Nov 222019
 

Caravaggio left Malta and was on the run for the second time in his life. He found his way to Sicily, most likely in a circuitous route to evade those that were pursuing him.

He finally stopped in Syracuse and spent time with his friend Mario Minniti.

When Caravaggio arrived relationships between religious authorities and the senate had improved and there was a desire to renovate the churches and monasteries of Syracuse. The church Santa Lucia alla Badia wanted a painting of the martyr of St Lucy who was a native of Syracuse and who better to paint it than a renown Italian artist.

It is possible that he started painting soon after arriving in Syracuse. Despite its size, he finished it within a month or so, most likely availing himself of Mario Minniti’s studio.

For The Burial of St. Lucy, Caravaggio painted the moment just after St. Lucy received communion and died. This was a continuation of his desire to paint, even saints, as human beings, and at the same time convey the brutality of Lucy’s martyrdom.

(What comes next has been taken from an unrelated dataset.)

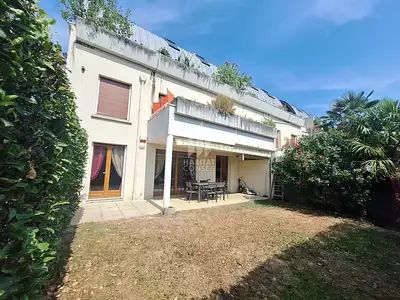Appartement, 68,58 m²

Another friend made while in Syracuse was Vincenzo Mirabella. Mirabella accounts in his book Dichiarazioni della pianta delle antiche Siracuse, how he took Caravaggio to see one of the oldest sites of Syracuse, the latomìe (quarries). It is told that Caravaggio named the large cave, the Ear of Dionysus. It refers, not to the Greek God, but to the tyrant Dionysius I of Syracuse. According to legend (possibly one created by Caravaggio), Dionysius used the cave as a prison for political dissidents, and by means of the perfect acoustics eavesdropped on the plans and secrets of his captives. Another more gruesome legend claims that Dionysius carved the cave in its shape so that it would amplify the screams of prisoners being tortured in it.

Caravaggio most likely felt the pressure of those pursuing him as he departed almost immediately for Messina.

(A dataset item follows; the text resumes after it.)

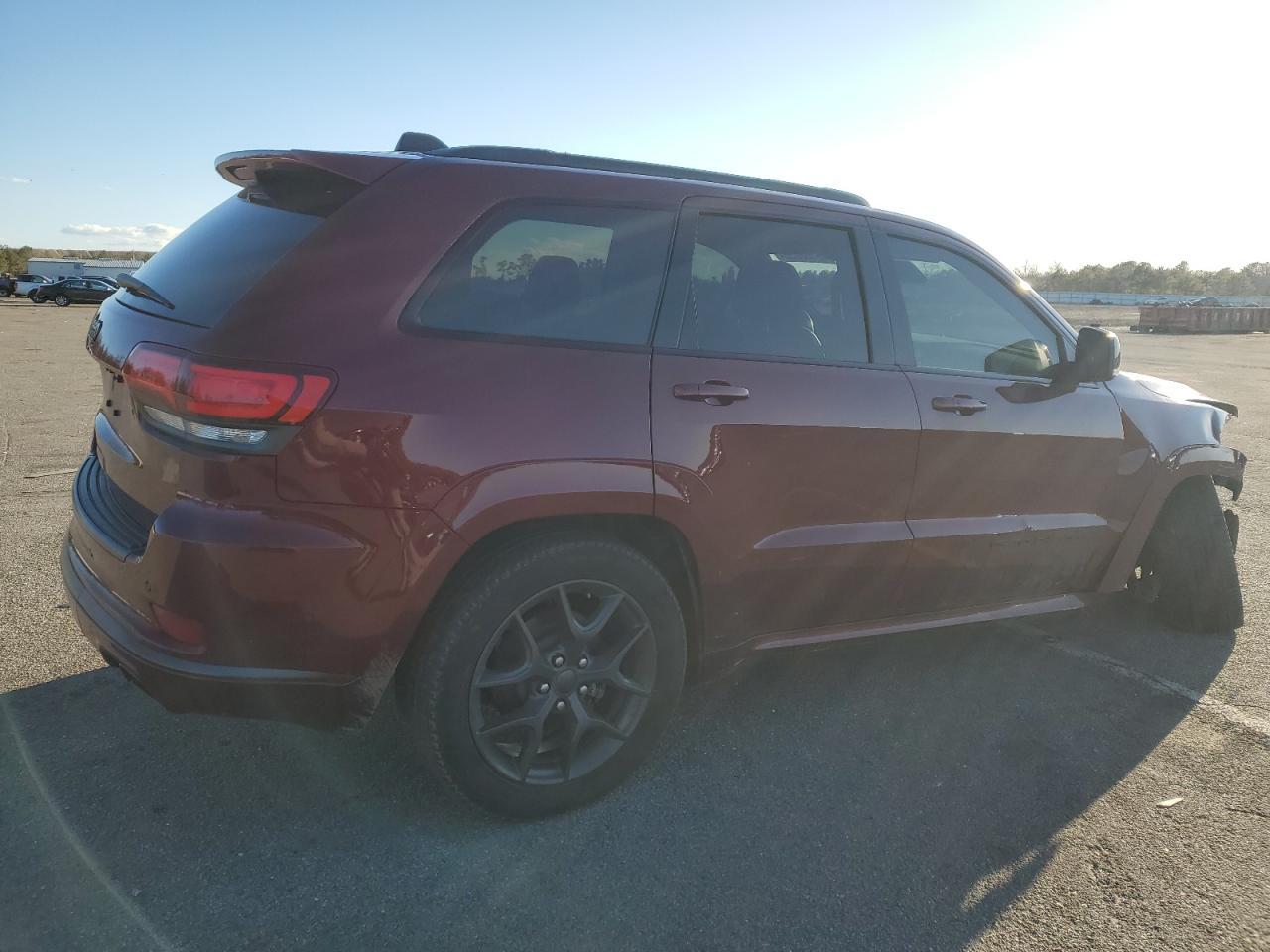 2020 JEEP GRAND CHER - Image 3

Here he found favor in a town that took a shine to outcasts and painted the last two of his known paintings, The Adoration of the Shepards and the Raising of Lazarus.

The Raising of Lazarus

Both of these paintings show Caravaggio was one of the greatest painters in European history. His compositions were deeply intimate and emotional. At the same time, his brilliant use of lighting turned his canvases into spaces with the powerful intensity of a lit stage. He often painted characters that were not normally painted and emphasized things that were not normally emphasized. His desire to paint his scenes truthfully and objectively was radical for his time. He tried to paint things as they were and had no qualms about emphasizing the broken, transient, and flawed nature of humanity.

Caravaggio left for Palermo in the Summer of 1609 and died in July 1610.